表哥说,那时知青们把尿素服称之为野战服。爬山涉水,所向披靡。还有人打趣道:衬衣上的几个图章点缀得恰到好处,自然而不脱俗套,穿上风度翩翩,有高等华人的样范云云。
化肥裤终于时兴起来了。小孩子穿上,大人再也不怕他们撒野磨坏了裤子。后生穿上,多脏的地里营生也不怕费裤子。尤其冬天套上化肥裤,腿上还挺暖和。但妇女们夏天不愿意穿化肥裤,因为裤子迎光一照,下身被描得清清楚楚。还有的化肥裤不容易上色,白花花的。人穿着走,有点家里死了人的意思。

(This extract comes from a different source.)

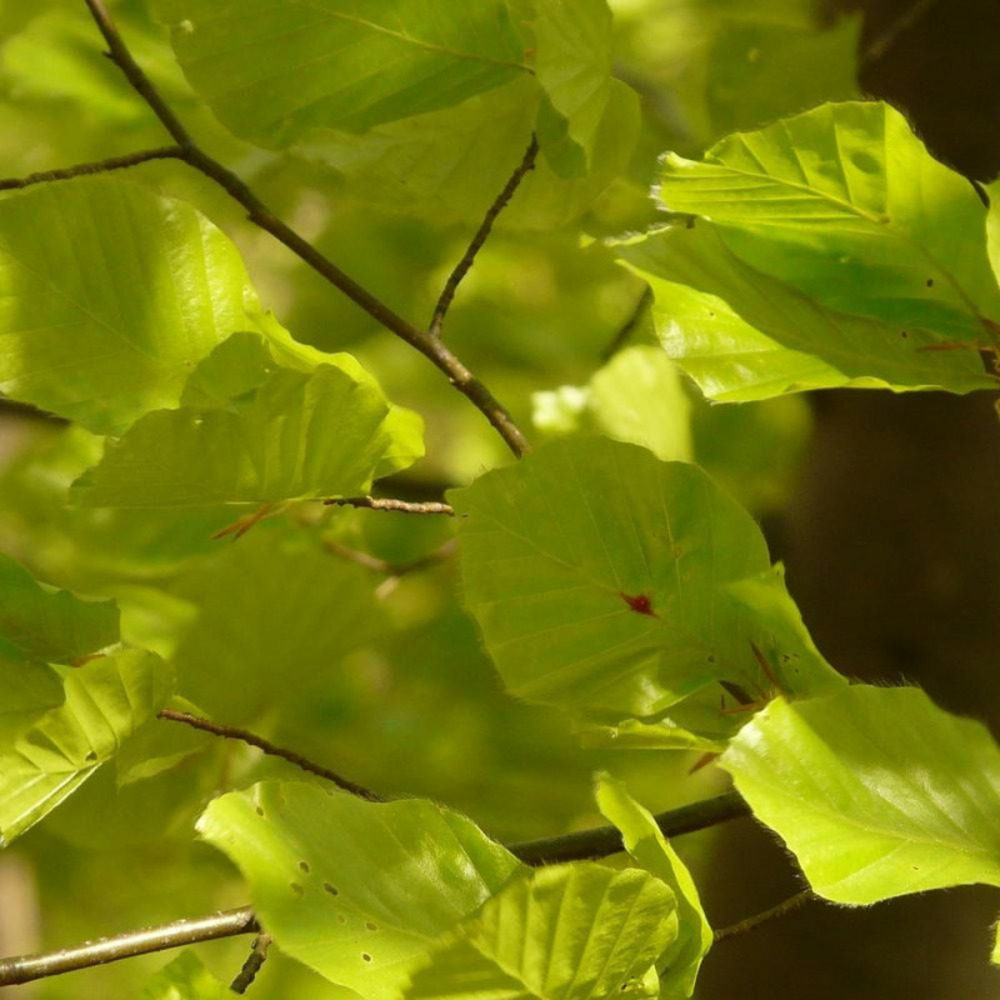 Hêtre commun, fagus pot de 7,5l - 60/80 cm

后来我也有幸从表哥那里得到两条尿素袋子。母亲把袋子洗了一遍又一遍,再用深颜色的染料一染,破天荒地给我做了一条裤子。我高兴地睡不着觉,第二天穿着去上班很是风光。师傅们发现我穿了一条上面居然连一个补丁都没有的新裤子,有点像哥伦布发现了新大陆一般惊奇。纷纷围着我,死死地盯着我的东洋裤子,露出艳羡的神色来。我掩饰不住内心的喜悦,竭力装出平静的样子说:“进口的,小日本造,这种东西就是耐穿!”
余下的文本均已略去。